/lua-patterns

Exposing Lua string patterns to Rust

Primary LanguageRustMIT LicenseMIT

Lua string patterns in Rust

Lua string patterns are a powerful yet lightweight alternative to full regular expressions. They are not regexps, since there is no alternation (the | operator), but this is not usually a problem. In fact, full regexps become too powerful and power can be dangerous or just plain confusing. This is why OpenBSD's httpd has Lua patterns. The decision to use % as the escape rather than the traditional \ is refreshing. In the Rust context, lua-patterns is a very lightweight dependency, if you don't need the full power of the regex crate or need support for no_std.

This is a fork of the original lua-patterns crate that supports no_std environments. There are two feature flags: std and heapless. Neither are enabled by default. The following table shows which parts of the API are enabled by each feature flag. Enabling the heapless feature flag adds a dependency on the heapless crate.

Feature Flag API
std
  • LuaPatternBuilder
  • LuaPattern::captures()
  • LuaPattern::capture_into()
  • LuaPattern::gsub_with()
  • LuaPattern::gsub_bytes_with()
  • LuaPattern::gsub()
  • Subst
  • Substitute
  • generate_gsub_patterns()
heapless
  • LuaPattern::captures_heapless()
  • LuaPattern::capture_into_heapless()
  • LuaPattern::gsub_with_heapless()
  • LuaPattern::gsub_bytes_with_heapless()

With no feature flags enabled, this crate retains most of the lua-patterns API surface.

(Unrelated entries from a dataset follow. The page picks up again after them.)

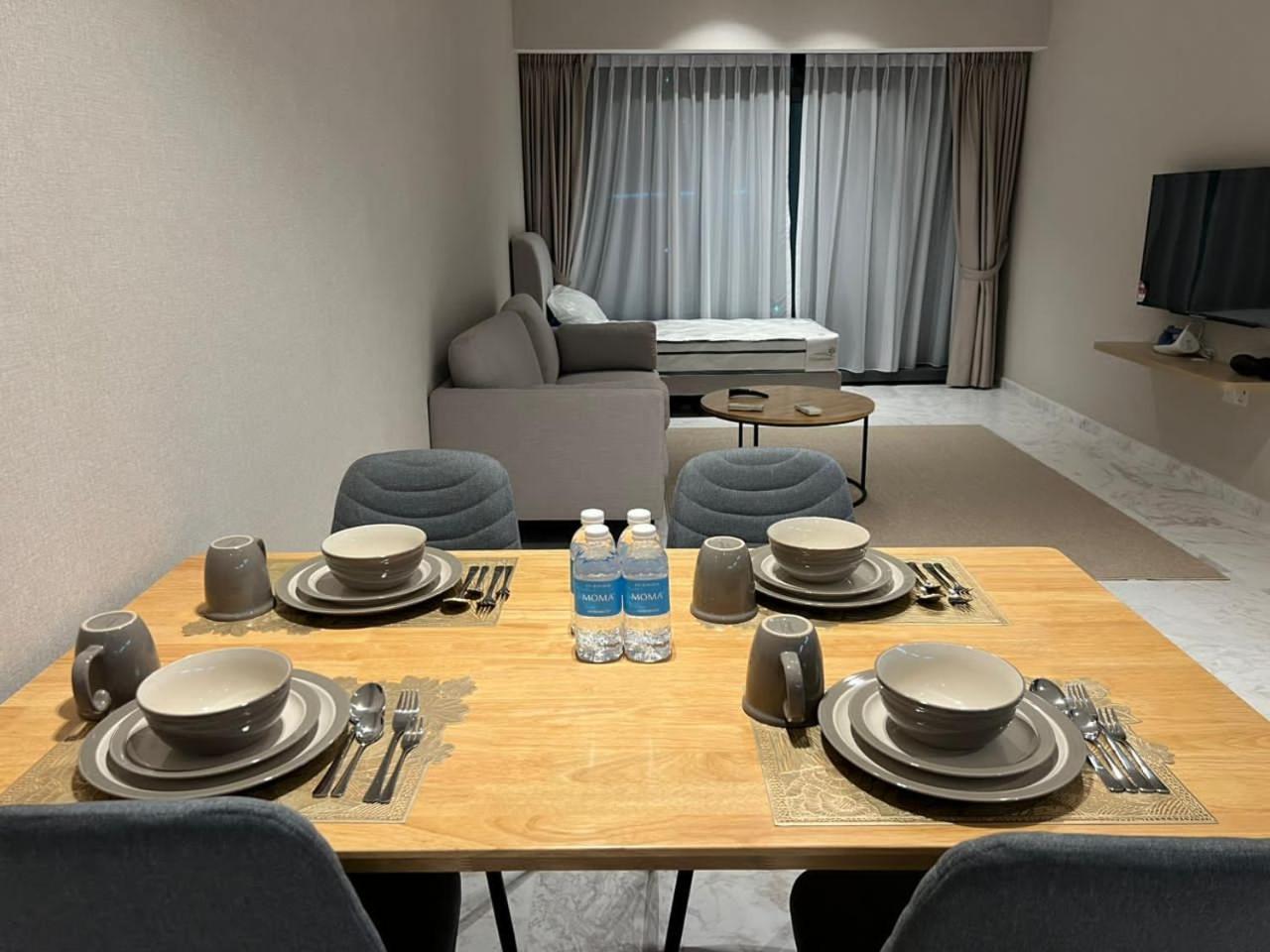Eaton Residence Klcc クアラルンプール エクステリア 写真
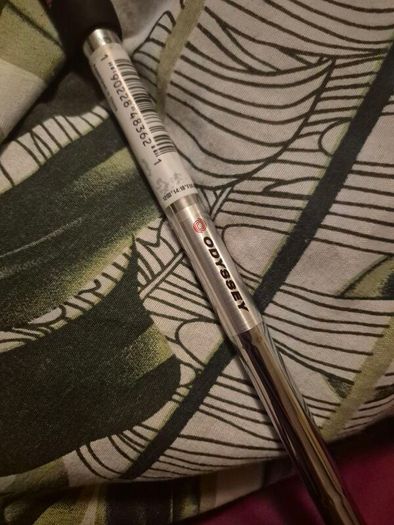 Odyssey Golf Putter 35" (Right Handed)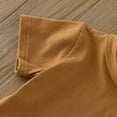 thumbnail image 5 of Baby Clothes Boy Toddler Kids Shorts Clothing Set Children's Spring Summer Cotton Round Neck Prints Short Sleeve Beach 0 6 12 18 24 Months 2T 3T Outfits Tops 2-Piece, 5 of 7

Enabling heapless recovers methods that modify or return containers.

The only functionality that strictly depends on std is:

  1. Subsitition where the replacement string contains capture references. This functionality can be replicated using the methods that take a closure instead of a replacement string.
  2. The LuaPatternBuilder struct used to dynamically create pattern strings at runtime. Most likely in a no_std environment you will want your pattern strings to be static anyways.

This library reuses the original source from Lua 5.2 - only 400 lines of battle-tested C. I originally did this for a similar project to bring these patterns to C++.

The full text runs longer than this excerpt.